First, the process is completely backwards. We ought to be thinking about how to use the Maker movement and principles to transform pedagogy and the student experience on campus, where appropriate. And only then to think about how the financial, physical, and human resources on campus could be best deployed to support that mission. It's perhaps understandable, given that the money and space are available and that the funds can only be used on campus that people might ask the question this way. But it seemed that everyone agreed it was the wrong way to do it.

I learned that the UTAC committee is talking about coordinating with Amherstworks to develop a Makerspace. This was news to me.
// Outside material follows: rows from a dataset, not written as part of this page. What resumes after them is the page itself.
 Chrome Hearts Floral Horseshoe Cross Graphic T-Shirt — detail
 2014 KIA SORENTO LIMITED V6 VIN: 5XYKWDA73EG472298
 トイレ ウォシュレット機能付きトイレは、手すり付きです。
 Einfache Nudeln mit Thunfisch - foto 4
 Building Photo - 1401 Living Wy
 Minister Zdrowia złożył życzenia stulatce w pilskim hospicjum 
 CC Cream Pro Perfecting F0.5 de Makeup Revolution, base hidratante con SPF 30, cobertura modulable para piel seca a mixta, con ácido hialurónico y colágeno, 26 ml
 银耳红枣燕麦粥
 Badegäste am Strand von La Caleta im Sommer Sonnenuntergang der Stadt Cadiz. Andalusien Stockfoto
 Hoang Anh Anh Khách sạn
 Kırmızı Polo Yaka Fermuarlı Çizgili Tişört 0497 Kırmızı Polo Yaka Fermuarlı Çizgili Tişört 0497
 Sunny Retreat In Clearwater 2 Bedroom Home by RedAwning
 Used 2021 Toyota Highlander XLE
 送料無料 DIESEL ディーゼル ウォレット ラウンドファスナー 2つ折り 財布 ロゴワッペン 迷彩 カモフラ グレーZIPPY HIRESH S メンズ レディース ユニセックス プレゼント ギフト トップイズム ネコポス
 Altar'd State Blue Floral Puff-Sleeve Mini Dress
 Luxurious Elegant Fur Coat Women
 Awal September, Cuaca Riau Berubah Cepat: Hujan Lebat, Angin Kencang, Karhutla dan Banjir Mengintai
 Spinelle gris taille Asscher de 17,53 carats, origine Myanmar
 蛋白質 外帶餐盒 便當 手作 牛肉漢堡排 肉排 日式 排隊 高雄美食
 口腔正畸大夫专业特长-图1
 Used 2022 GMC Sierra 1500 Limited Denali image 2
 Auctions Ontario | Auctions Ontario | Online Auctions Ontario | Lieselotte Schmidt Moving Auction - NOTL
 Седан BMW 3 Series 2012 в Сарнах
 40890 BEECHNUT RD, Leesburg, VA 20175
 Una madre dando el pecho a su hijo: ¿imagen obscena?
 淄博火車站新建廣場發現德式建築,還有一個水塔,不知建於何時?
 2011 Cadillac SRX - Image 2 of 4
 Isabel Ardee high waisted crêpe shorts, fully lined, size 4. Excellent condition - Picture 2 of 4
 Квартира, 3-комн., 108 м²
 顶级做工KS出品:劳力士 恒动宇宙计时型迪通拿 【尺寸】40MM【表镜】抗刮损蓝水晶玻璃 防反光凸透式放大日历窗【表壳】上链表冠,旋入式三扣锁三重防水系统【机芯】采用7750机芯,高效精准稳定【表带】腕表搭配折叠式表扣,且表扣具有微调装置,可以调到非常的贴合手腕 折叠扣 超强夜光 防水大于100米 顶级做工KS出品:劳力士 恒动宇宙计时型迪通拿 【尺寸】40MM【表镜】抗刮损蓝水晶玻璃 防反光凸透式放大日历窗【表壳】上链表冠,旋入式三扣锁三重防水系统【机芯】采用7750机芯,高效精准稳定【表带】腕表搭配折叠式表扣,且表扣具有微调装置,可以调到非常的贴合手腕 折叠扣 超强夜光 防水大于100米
But, of course, everyone is trying to build a Makerspace everywhere.

In fact there are already makerspaces all over campus and all of them need resources to make them work better. A big challenge is that what makes makerspaces work is people with the right skill set -- that bridges technology and pedagogy -- with enough time in their portfolio to support a makerspace. This is especially true if we want to make makerspaces more accessible (to have a hub that can tie together all the satellites). But the largest challenges are perhaps the institutional barriers that make it difficult to collaborate across University boundaries and divisions.

In spite of the number of makerspaces, there are still big campus gaps. There is no campus space doing anything with virtual reality, for example.

And finally, our group offered a couple of practical tips: if building makerspaces in this space, one needs to think through the adjacencies of which kind of space can coexist with others -- and which can't. And to be sensitive to issues of gender and inclusion, as some kinds of makerspaces are almost entirely male while others are mostly female.

After the groups reported out, we were thanked for our contributions and dismissed. After the meeting, I have no ability to predict what affect, if any, our comments will have on the process.